→ Collected data
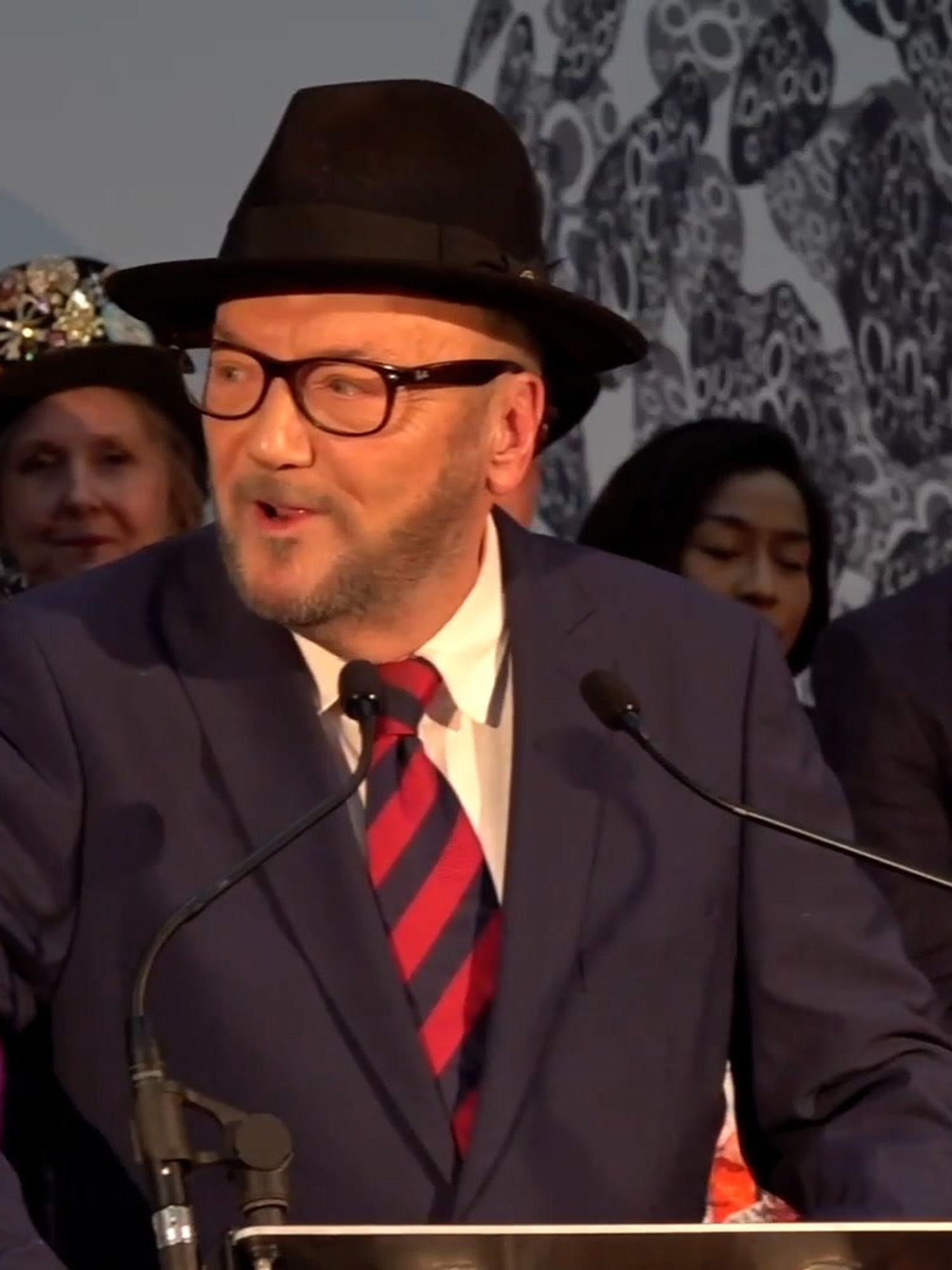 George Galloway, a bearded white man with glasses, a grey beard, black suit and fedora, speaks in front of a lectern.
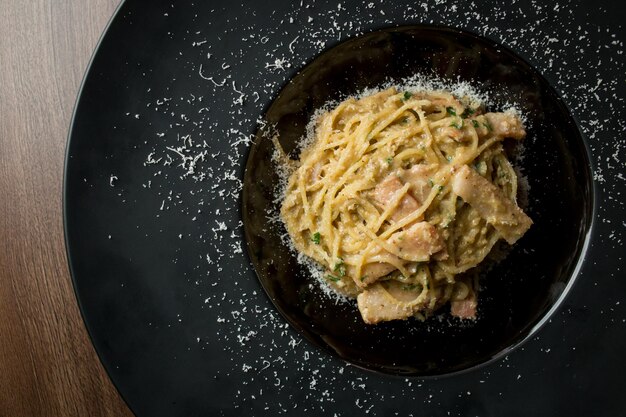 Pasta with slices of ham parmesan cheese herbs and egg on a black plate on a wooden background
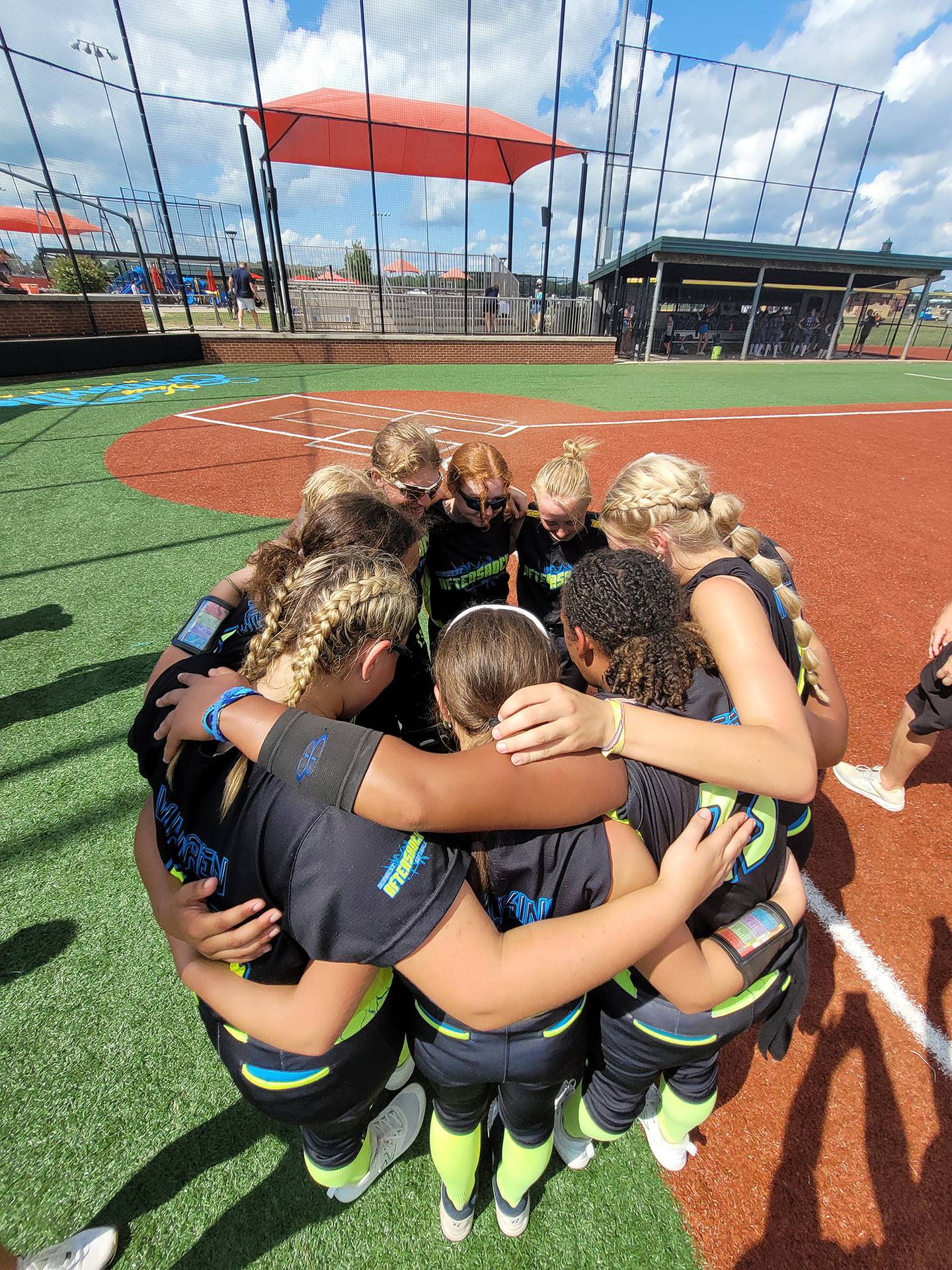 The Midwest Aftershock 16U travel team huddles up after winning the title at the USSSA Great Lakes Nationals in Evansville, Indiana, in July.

→ Assigned task
Leave every picture out and copy precisely the lines from the one containing "Pasta with slices" through the last line of the data above, both ends included.

→ Response to this exercise
 Pasta with slices of ham parmesan cheese herbs and egg on a black plate on a wooden background
 The Midwest Aftershock 16U travel team huddles up after winning the title at the USSSA Great Lakes Nationals in Evansville, Indiana, in July.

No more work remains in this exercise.